EXERCISE BRIEF> Starting at the line below with "Acer X110 service" and stopping at the line with "Aulumu G07 ノートパソコンスタンド", please print each line exactly, those two included, and skip every picture.

START DATASET RECORDS

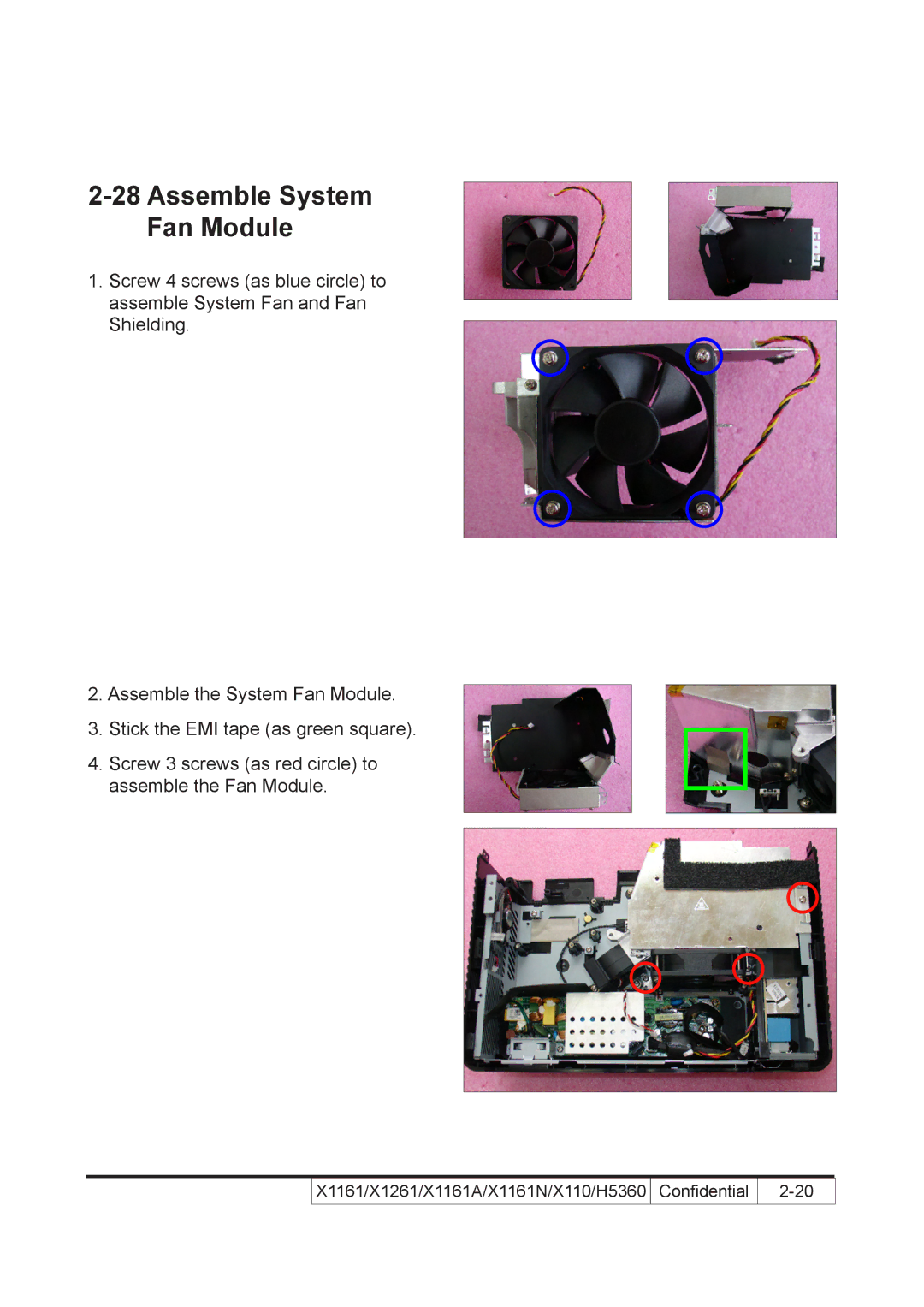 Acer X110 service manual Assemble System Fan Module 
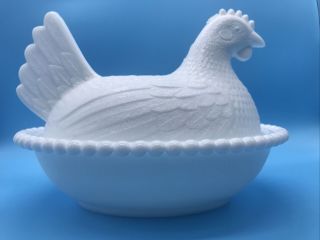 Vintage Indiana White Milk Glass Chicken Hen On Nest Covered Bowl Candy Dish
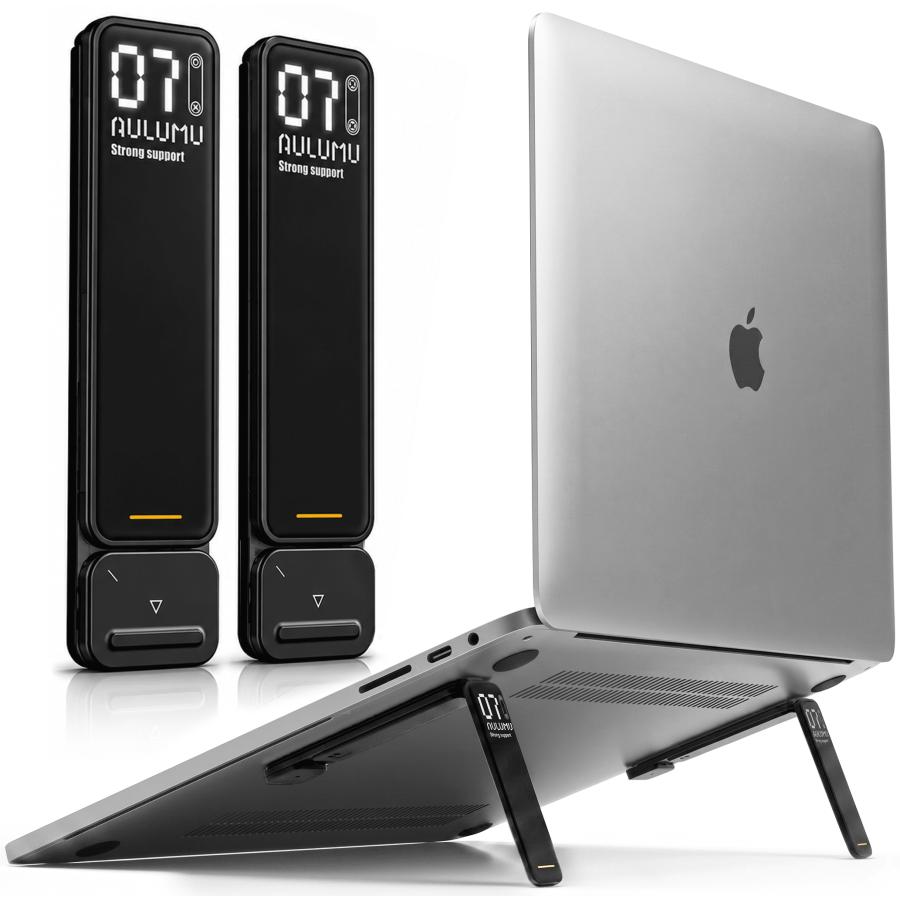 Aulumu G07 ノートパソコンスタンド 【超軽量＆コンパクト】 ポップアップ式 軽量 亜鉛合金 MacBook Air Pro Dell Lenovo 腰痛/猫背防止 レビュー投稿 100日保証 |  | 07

END DATASET RECORDS
START DATASET RECORDS

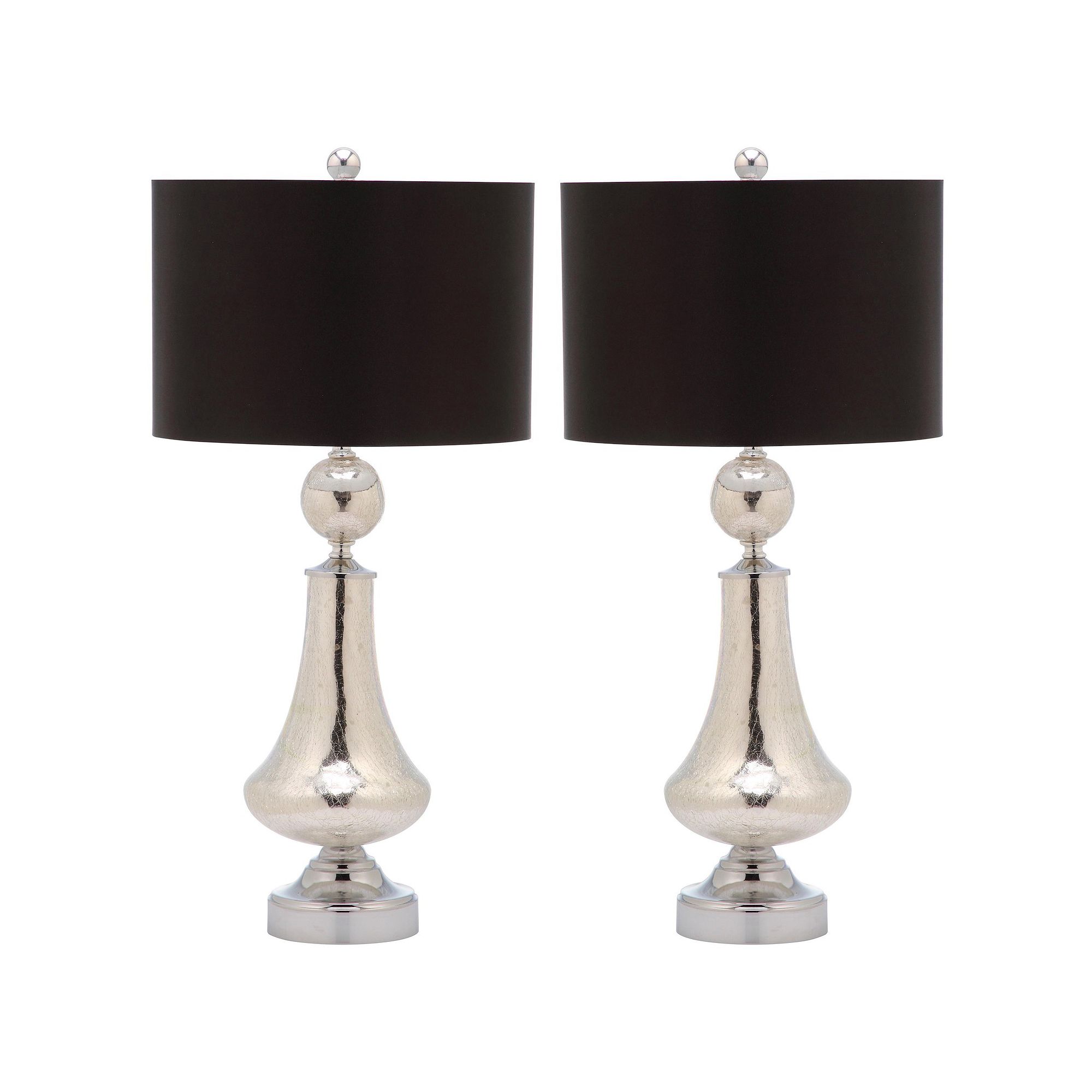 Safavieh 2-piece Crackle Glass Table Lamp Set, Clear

END DATASET RECORDS

RESPONSE TO THE EXERCISE>
 Acer X110 service manual Assemble System Fan Module 
 Vintage Indiana White Milk Glass Chicken Hen On Nest Covered Bowl Candy Dish
 Aulumu G07 ノートパソコンスタンド 【超軽量＆コンパクト】 ポップアップ式 軽量 亜鉛合金 MacBook Air Pro Dell Lenovo 腰痛/猫背防止 レビュー投稿 100日保証 |  | 07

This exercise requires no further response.